The carbon footprint of a diet

We have a complex global system, where what we eat is often produced somewhere far away from our own kitchen. According to the OECD, agriculture is responsible for 17% of the greenhouse gas emissions that cause climate change, and land use change accounts for another 7-14% (when we cut down forest to make more room for agriculture). Other sources offer even higher numbers. So if at least one fifth of our emissions come from the food that we eat, we have reasons to carefully consider what we put on our plates.

Land use change caused by expanding agriculture causes significant emissions

Our diets are a hard nut to crack, because there’s no one time fix that can set us on the right track for the long run. We need to continuously make good choices, and it can be very hard to know what is actually the right thing to eat. Should you go for the local produce from a greenhouse, or the organic that has grown in the sun, but been shipped here?

In this post, we aim to give a few good indications, which should serve as general guidelines.

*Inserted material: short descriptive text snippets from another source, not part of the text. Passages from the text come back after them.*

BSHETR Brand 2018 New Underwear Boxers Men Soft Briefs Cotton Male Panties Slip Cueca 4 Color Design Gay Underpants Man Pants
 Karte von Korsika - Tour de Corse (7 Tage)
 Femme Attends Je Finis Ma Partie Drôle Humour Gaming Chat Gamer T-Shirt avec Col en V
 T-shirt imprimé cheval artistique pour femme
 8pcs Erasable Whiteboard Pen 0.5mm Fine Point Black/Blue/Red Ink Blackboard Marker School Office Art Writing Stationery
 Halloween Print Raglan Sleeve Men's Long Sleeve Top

Reduce the amount of red meat

The one, big adjustment that you can do that makes a significant change to the carbon footprint of your diet is to reduce the amount of red meat. The less meat, the better for the planet. If you are going to have a treat, make sure that the meat is high quality, and avoid meat from Brazil (where the rain forest is pillaged to make room for cattle).

A heavy meat diet (more than 100g per day) has a carbon footprint of 2,62 tonnes per year. By reducing to a low meat diet (less than 50g per day) where you can still enjoy your occasional treats, but restrict the everyday consumption, you can come down to 1,70 tonnes. This reduction is equivalent to driving over 6000 km in an average diesel car! Average mileage for a car in the EU is 12 000 km per year.

Big burgers – less often!

Fish is a better alternative

Cutting out meat completely but still eating fish is referred to as a pescetarian diet. This reduces the carbon footprint even further, to 1,42 tonnes per year. Given that fish and seafood has relatively low carbon footprint, the difference between this diet and a vegetarian one is actually not that big – vegetarians are 1,39 tonnes per year. It is worth noting that fisheries have other environmental side effects (over fishing and disruption of ecosystems), but specifically in terms of climate, fish is not the bad guy!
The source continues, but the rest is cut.